The use of an artificial neural network for predicting the gloss of thermally densified wood veneers


ÖZŞAHİN Ş., SİNGER H.

BALTIC FORESTRY, vol.27, no.2, pp.271-278, 2021 (SCI-Expanded) identifier identifier

  • Publication Type: Article / Article
  • Volume: 27 Issue: 2
  • Publication Date: 2021
  • Doi Number: 10.46490/bf422
  • Journal Name: BALTIC FORESTRY
  • Journal Indexes: Science Citation Index Expanded (SCI-EXPANDED), Scopus, CAB Abstracts, Veterinary Science Database
  • Page Numbers: pp.271-278
  • Karadeniz Technical University Affiliated: Yes

Abstract

In this study, an artificial neural network (ANN) model was developed to predict the gloss of thermally densified wood veneers. A custom application created with MATLAB codes was employed for the development of the multilayer feed-forward ANN model.

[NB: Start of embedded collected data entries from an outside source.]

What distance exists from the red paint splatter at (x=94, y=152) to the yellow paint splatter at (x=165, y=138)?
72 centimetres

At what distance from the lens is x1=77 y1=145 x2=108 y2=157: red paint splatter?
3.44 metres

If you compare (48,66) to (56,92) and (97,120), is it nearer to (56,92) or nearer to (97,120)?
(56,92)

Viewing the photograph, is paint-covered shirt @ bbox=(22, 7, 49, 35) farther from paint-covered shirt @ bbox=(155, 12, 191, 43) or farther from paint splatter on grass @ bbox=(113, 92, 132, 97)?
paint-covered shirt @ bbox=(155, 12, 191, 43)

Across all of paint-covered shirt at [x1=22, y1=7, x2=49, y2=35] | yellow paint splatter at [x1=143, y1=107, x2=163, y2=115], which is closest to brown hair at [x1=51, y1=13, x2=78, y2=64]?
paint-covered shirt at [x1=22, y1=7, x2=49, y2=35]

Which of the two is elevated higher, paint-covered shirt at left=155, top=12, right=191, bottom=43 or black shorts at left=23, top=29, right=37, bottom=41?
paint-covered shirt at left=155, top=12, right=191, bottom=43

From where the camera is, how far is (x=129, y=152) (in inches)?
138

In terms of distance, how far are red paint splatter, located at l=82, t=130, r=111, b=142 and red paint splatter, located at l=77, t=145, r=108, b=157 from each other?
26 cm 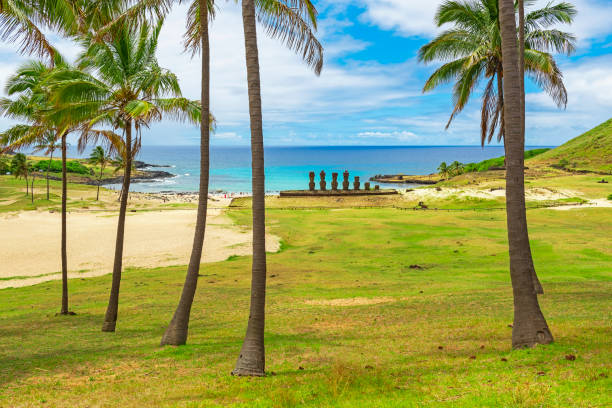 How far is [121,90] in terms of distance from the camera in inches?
560

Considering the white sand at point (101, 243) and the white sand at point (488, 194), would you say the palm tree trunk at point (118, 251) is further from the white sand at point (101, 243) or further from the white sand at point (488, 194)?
the white sand at point (488, 194)

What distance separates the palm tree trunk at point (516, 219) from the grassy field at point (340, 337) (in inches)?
16.7

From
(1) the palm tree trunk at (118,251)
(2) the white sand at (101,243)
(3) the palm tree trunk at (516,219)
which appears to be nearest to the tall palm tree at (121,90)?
(1) the palm tree trunk at (118,251)

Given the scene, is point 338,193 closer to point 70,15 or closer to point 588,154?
point 70,15

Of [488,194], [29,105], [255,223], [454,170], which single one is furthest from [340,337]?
[454,170]

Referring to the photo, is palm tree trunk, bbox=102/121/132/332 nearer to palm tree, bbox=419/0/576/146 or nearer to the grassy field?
the grassy field

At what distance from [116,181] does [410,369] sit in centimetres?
14429

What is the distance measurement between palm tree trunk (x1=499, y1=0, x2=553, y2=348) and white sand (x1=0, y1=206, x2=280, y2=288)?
2476cm

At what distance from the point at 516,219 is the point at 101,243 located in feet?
116

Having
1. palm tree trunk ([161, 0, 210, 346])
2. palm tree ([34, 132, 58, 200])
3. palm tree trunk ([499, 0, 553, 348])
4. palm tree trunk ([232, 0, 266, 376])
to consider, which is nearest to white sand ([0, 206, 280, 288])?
palm tree ([34, 132, 58, 200])

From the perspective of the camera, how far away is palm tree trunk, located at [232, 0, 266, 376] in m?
9.06

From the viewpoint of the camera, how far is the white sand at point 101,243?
30.5 meters

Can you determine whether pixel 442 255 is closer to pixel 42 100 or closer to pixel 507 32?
pixel 507 32

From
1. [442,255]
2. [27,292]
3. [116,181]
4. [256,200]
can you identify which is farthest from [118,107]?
[116,181] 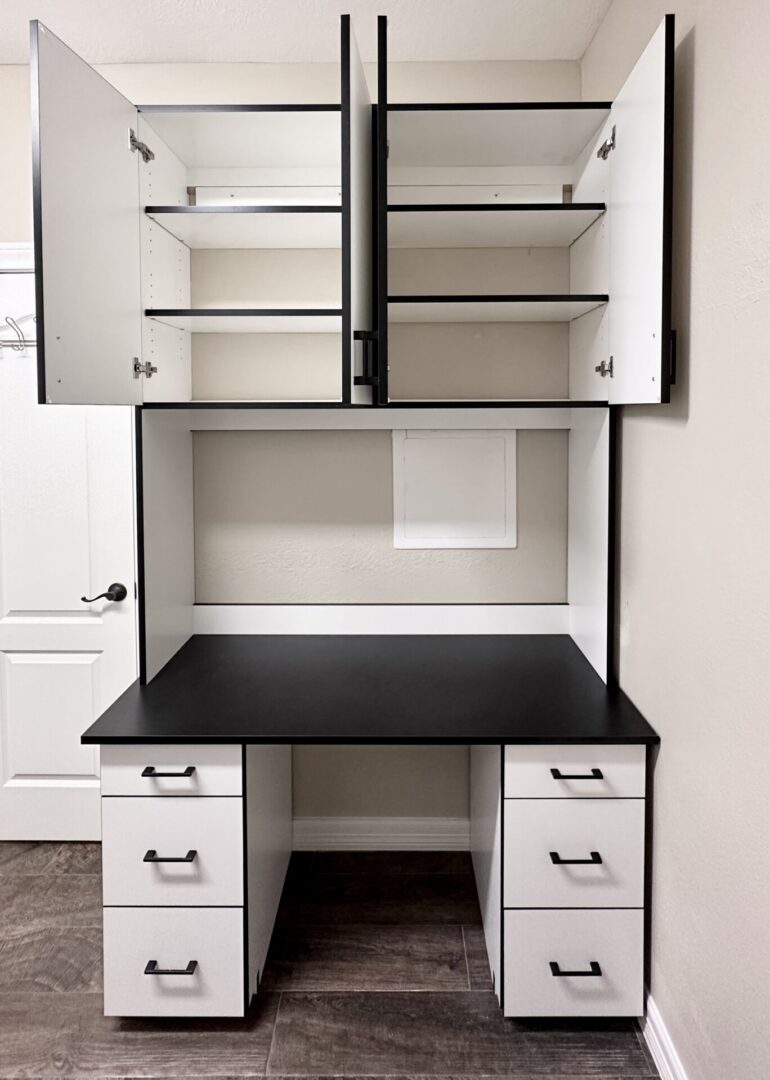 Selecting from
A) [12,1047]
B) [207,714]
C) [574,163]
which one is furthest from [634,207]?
[12,1047]

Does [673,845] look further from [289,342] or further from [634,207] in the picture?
[289,342]

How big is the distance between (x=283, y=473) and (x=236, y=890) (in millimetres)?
1285

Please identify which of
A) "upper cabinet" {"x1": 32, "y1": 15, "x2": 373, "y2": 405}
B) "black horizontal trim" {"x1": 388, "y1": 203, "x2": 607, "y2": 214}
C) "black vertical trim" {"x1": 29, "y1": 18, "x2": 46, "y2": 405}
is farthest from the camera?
"black horizontal trim" {"x1": 388, "y1": 203, "x2": 607, "y2": 214}

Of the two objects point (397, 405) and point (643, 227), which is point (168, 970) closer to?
point (397, 405)

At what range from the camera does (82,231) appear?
1841mm

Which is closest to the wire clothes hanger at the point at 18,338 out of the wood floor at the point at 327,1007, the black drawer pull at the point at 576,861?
the wood floor at the point at 327,1007

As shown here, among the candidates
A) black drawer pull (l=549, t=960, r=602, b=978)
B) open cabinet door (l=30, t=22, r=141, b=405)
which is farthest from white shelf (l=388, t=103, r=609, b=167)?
black drawer pull (l=549, t=960, r=602, b=978)

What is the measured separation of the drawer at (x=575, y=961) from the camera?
201 cm

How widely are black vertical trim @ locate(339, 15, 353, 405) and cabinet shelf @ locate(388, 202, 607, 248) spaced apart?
6.5 inches

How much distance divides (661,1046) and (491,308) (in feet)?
5.85

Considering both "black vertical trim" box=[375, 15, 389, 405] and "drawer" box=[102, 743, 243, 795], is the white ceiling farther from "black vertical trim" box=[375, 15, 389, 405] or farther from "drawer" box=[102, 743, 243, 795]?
"drawer" box=[102, 743, 243, 795]

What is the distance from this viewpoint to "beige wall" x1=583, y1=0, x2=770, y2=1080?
141 cm

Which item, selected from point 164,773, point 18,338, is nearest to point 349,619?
point 164,773

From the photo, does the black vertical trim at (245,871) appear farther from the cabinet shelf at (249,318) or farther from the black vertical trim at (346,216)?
the cabinet shelf at (249,318) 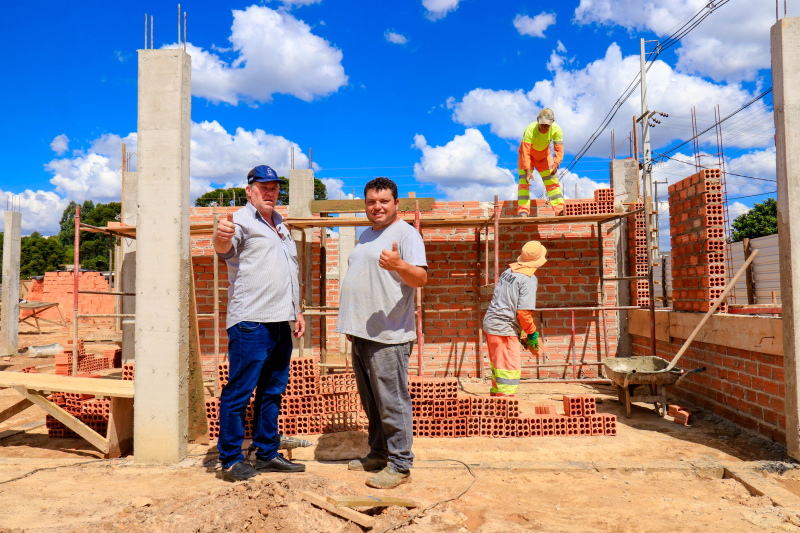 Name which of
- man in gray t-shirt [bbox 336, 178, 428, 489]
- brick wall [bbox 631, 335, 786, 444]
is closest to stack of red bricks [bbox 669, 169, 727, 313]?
brick wall [bbox 631, 335, 786, 444]

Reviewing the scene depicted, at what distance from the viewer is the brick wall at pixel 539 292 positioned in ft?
25.0

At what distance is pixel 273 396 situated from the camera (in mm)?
3320

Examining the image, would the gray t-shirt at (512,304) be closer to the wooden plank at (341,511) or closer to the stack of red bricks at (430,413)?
the stack of red bricks at (430,413)

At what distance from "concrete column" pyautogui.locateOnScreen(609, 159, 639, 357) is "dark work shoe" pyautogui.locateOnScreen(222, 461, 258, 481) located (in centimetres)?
628

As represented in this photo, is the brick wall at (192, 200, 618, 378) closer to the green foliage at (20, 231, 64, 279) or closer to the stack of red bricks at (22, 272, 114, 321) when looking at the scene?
the stack of red bricks at (22, 272, 114, 321)

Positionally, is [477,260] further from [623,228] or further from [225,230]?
[225,230]

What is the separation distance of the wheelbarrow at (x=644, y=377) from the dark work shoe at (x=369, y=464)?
305 centimetres

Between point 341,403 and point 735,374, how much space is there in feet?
12.6

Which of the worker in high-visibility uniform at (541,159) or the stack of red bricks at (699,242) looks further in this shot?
the worker in high-visibility uniform at (541,159)

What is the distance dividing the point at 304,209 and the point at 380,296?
554 centimetres

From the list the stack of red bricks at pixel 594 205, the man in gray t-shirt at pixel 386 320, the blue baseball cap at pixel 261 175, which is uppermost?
the stack of red bricks at pixel 594 205

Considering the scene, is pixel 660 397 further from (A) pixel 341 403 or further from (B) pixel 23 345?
(B) pixel 23 345

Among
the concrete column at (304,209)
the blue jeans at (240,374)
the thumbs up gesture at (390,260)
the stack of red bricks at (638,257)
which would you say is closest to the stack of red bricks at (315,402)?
the blue jeans at (240,374)

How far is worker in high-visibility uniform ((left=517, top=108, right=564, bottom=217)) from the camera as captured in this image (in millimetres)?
7426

The wood species, temperature, pressure, measurement direction, and angle of incidence were considered as the model inputs, while the gloss was the output of the ANN model. Model performance was evaluated by using the mean absolute percentage error (MAPE), the root mean square error (RMSE), and the coefficient of determination (R-2). It was observed that the ANN model yielded very satisfactory results with acceptable deviations. The MAPE, RMSE, and R-2 values of the testing period of the ANN model were found as 8.556%, 1.245, and 0.9814, respectively. Consequently, this study could be useful for the wood industry to predict the gloss with a smaller number of labour consuming experimental activities.